Ukrainian Army spokesman Capt. Ilya Yevlash said on Wednesday that about five hundred mercenaries from the infamous Wagner Group have returned to fight for Russia on the battlefield, a month after Wagner’s founders Yevgeny Prigozhin and Dmitry Utkin were reportedly killed in a highly suspicious plane crash near Moscow.
Yevlash said in a Ukrainian broadcast interview that hundreds of Wagner fighters negotiated contracts with the Russian Defense Ministry so they could return to combat.
“These individuals are indeed among the most well-trained in the Russian army, but they will not become a game-changer,” he predicted.
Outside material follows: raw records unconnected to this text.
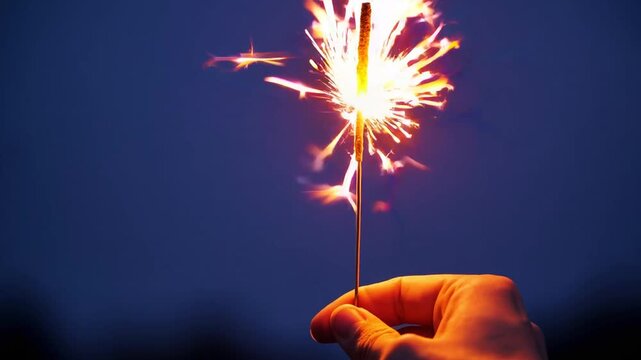 human hand grasping brightly burning sparkler during the evening or twilight hours, celebrating Diwali, New Year, or Birthday, with ample space for text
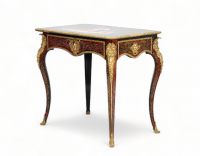 Alphonse GIROUX (1776-1848) Exceptional marble and gilt bronze marquetry table. Stamped 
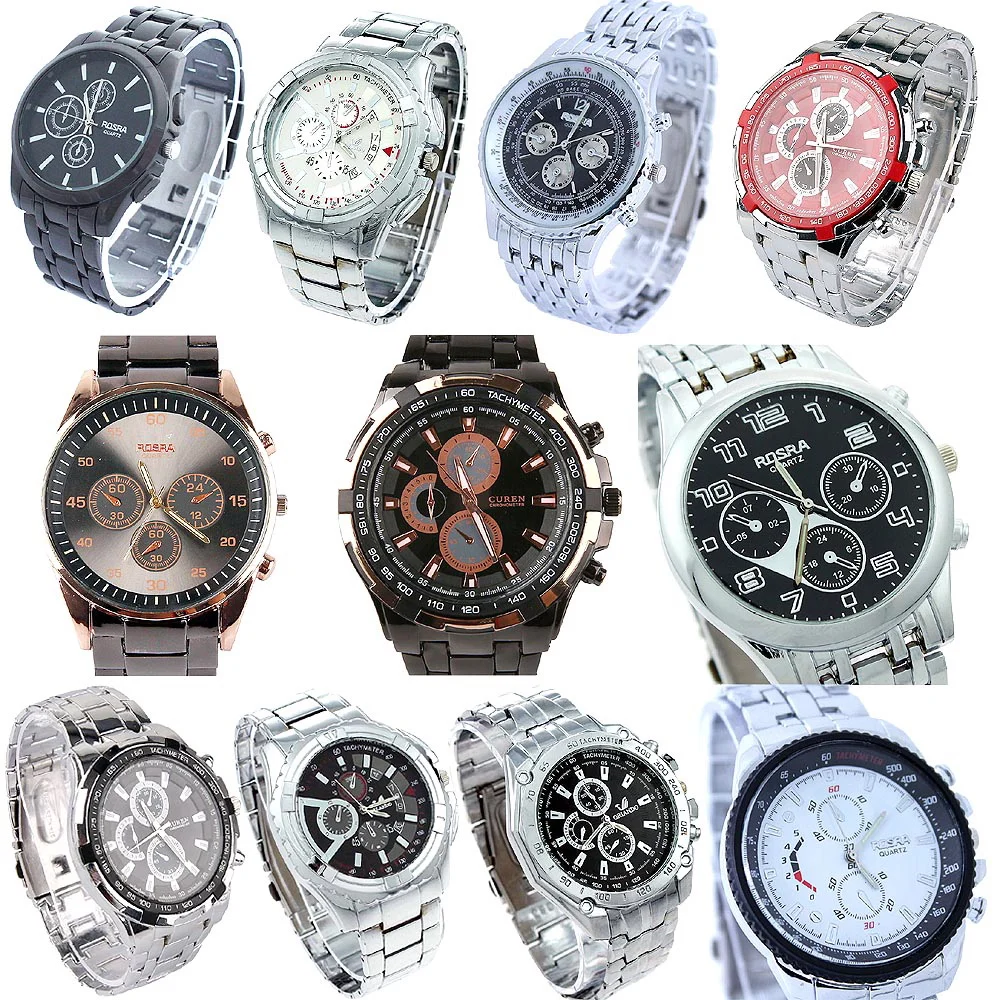 10 шт./лот, смешанные оптом серебряные модные мужские часы из нержавеющей стали кварцевые деловые часы NGT мужские нарядные часы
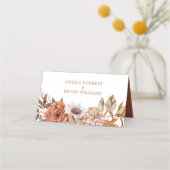 Terracotta bloem arrangement herfst bruiloft plaatskaartje (Achterkant)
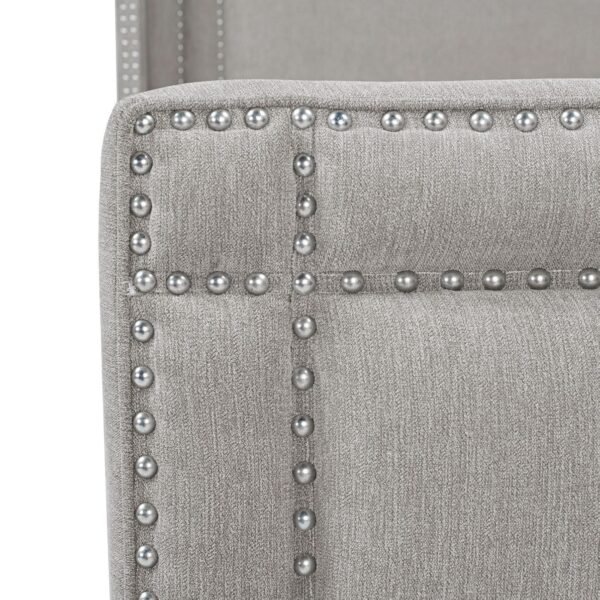 Elegant Elle Wingback Upholstered King Bed in Silver Grey – Modern Statement Piece - Image 7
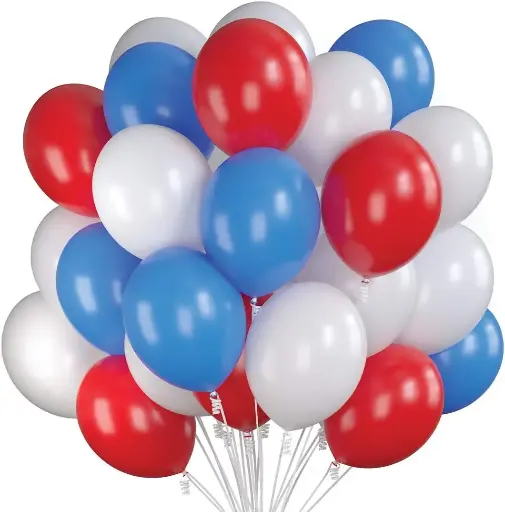 [SCSKU-0926] Prextex 75 Party Balloons 12 Inch USA Blue, Red and White Balloons with Ribbon for Red Blue White USA Color Theme Party Decoration, Boy Baby Shower, Birthday Parties Supplies, Helium Quality 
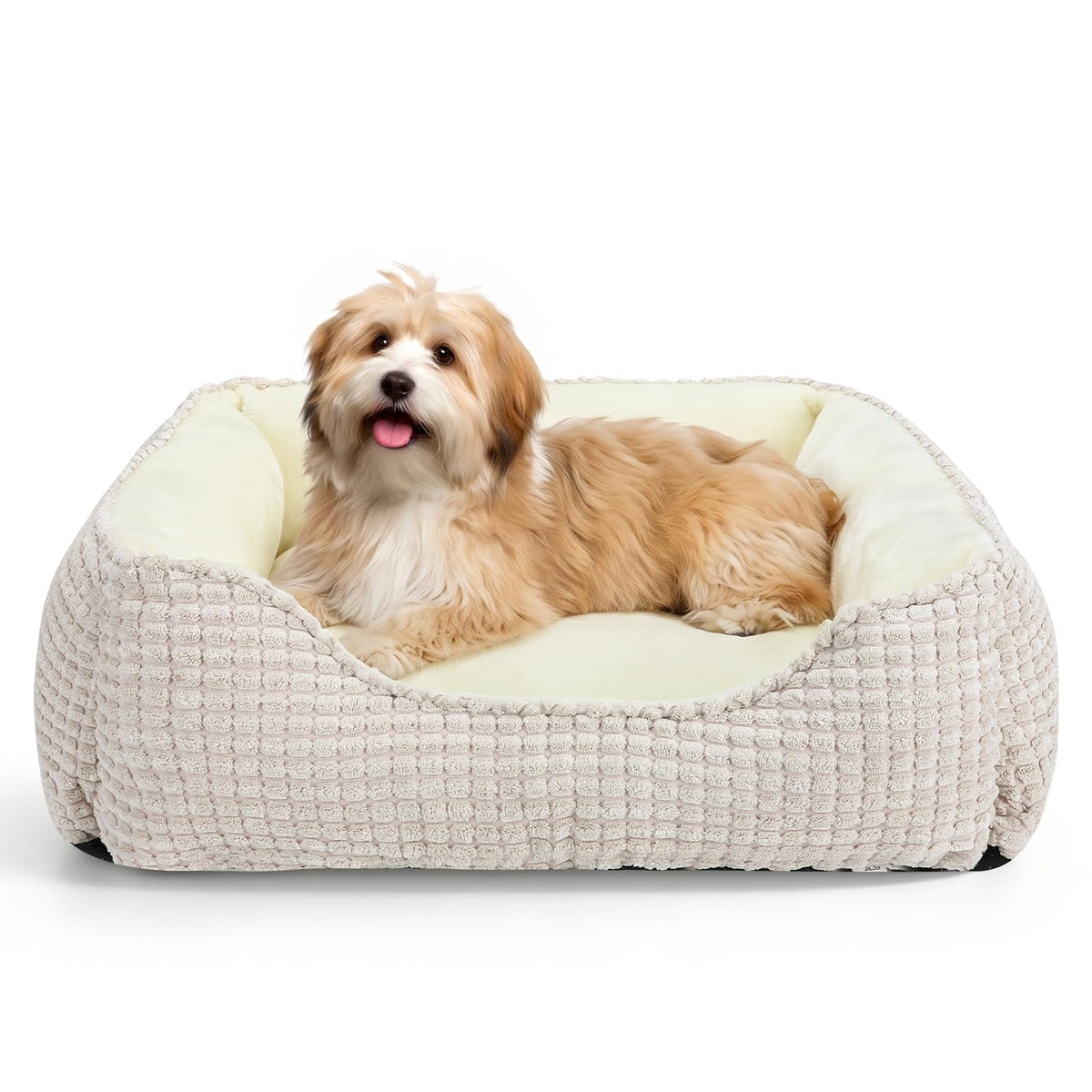 MIXJOY Dog Bed for Large Medium Small Dogs, Rectangle Washable Sleeping Puppy Bed, Soft Calming Cat Beds for Indoor Cats, Orthopedic Pet Sofa Bed, Anti-Slip Bottom with Multiple Size (20'', Grey)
Yevlash’s account was supported by the deputy communications commander for Ukraine’s eastern forces, Serhii Cherevatyi, who told CNN on Wednesday there were several hundred Wagner troops “in our direction, on the eastern front, in different areas.”
Cherevatyi said Russia brought the Wagner mercenaries back to the front lines because they are “short of everyone there now, so any man is good for them.”
“They came back, they swiftly changed their commanders and returned here,” a Ukrainian drone operator said.
A week earlier, Ukrainian Gen. Oleksandr Tarnavsky, leader of Ukraine’s counteroffensive against Russian forces, said “their badges appear here and there” when asked about Wagner’s comeback.
On Saturday, the Institute for the Study of War (ISW) published an assessment of the Ukraine war that mentioned Wagner troops returning to the battlefield.
ISW described these Wagner units as “disjointed” and said they were “likely to have a marginal impact on Russian combat capabilities without bringing the full suite of effectiveness Wagner had had as a unitary organization under financier Yevgeniy Prigozhin’s and founder Dmitry Utkin’s leadership.”
ISW quoted a “Wagner-affiliated source” who said about 500 of the mercenaries, the same number later cited by Ukrainian officials, have “joined a new unspecified organization organized by the former Wagner personnel department head.” Most of these men “refused to participate in the Wagner rebellion on June 24.”
The Wagner Group is regarded as one of the most feared, and most brutally effective, forces fighting for Russia in Ukraine. The group was established as a private military contractor (PMC) by Prigozhin in 2014, even though PMCs are technically illegal in Russia. Prigozhin’s close relationship with President Vladimir Putin, and Putin’s need for highly deniable paramilitary forces to carry out operations like the annexation of Crimea, are credited for papering over this legal technicality.
Wagner reportedly took heavy losses in the fierce fighting around the key Ukrainian city of Bakhmut — Prigozhin said in May 2023 that he lost 20,000 men in that battle, about 20 percent of his 50,000 recruits. Prigozhin became outspokenly, and often obscenely, critical of Russia’s military leadership for making such minimal gains despite the extravagant sacrifice of manpower, especially Defense Minister Sergei Shoigu.
Tensions came to a head on June 23, when Priogzhin led his men on a mutiny he referred to as the “March for Justice.” After seizing control of the city of Rostov-on-Don, he led a column of Wagner fighters to within 120 miles of Moscow before calling off the rebellion, reportedly at the urging of Belarusian President Alexander Lukashenko.
Prigozhin claimed his mutiny was sparked by Shoigu ordering the dissolution of all Russian PMCs, including Wagner, and urging all mercenary soldiers to sign contracts with the Russian armed forces. According to Prigozhin, Shoigu ordered the shelling of a Wagner camp when its men refused Shoigu’s recruiting order.
Wagner was thrown into worldwide disarray after Prigozhin’s reported death. Between 6,000 and 8,000 of its fighters reportedly sought refuge in Belarus at Lukashenko’s invitation. Ukrainian officials believe the fighters returning to the eastern front are drawn from these Belarusian camps.